◆ EXERCISE INSTRUCTIONS
Verbatim output of the lines below is required, with the images omitted.

◆ DATASET EXTRACT
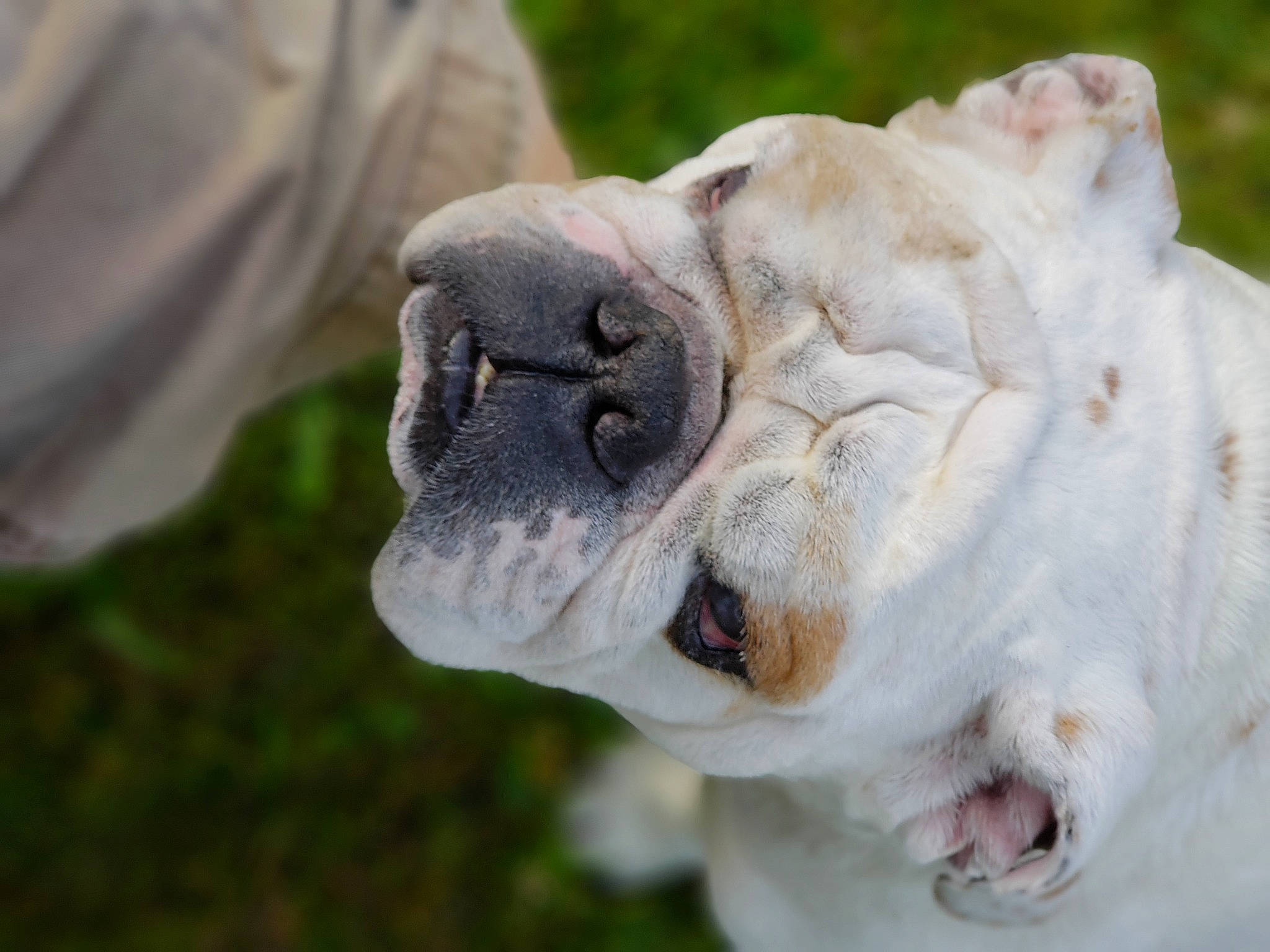 Peterson is registered to the contest to win money with this photo: american_bulldog, ancient_dog_breeds, australian_bulldog, british_bulldogs, bulldog, canidae, carnivore, companion_dog, dog, dog_breed, dogo_argentino, dorset_olde_tyme_bulldogge, mammal, non_sporting_group, old_english_bulldog, olde_english_bulldogge, snout, toy_bulldog, vertebrate, white_english_bulldog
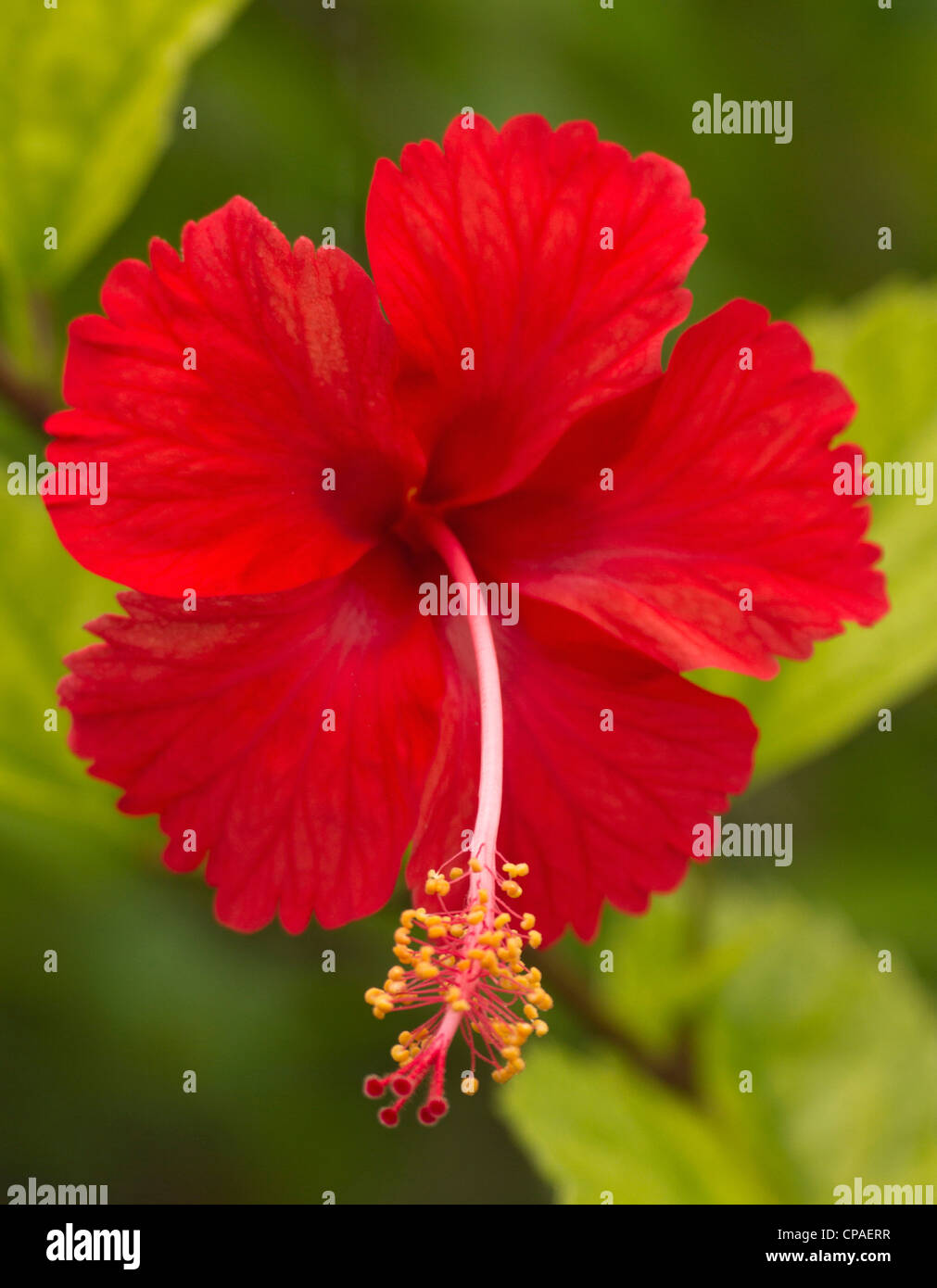 Roter Hibiskus, Hibiscus Rosa-Sinensis, Belize Stockfoto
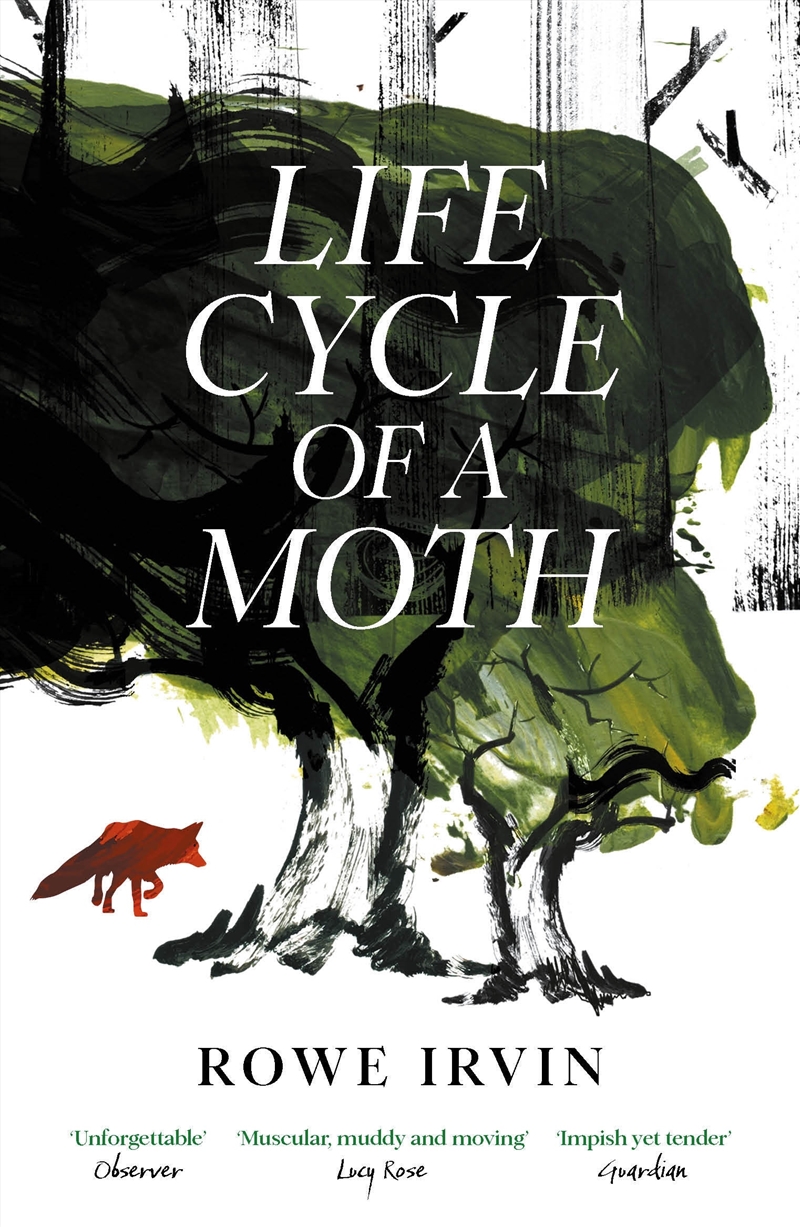 Life Cycle Of A Moth/Product Detail/Modern & Contemporary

◆ YOUR RESPONSE
 Peterson is registered to the contest to win money with this photo: american_bulldog, ancient_dog_breeds, australian_bulldog, british_bulldogs, bulldog, canidae, carnivore, companion_dog, dog, dog_breed, dogo_argentino, dorset_olde_tyme_bulldogge, mammal, non_sporting_group, old_english_bulldog, olde_english_bulldogge, snout, toy_bulldog, vertebrate, white_english_bulldog
 Roter Hibiskus, Hibiscus Rosa-Sinensis, Belize Stockfoto
 Life Cycle Of A Moth/Product Detail/Modern & Contemporary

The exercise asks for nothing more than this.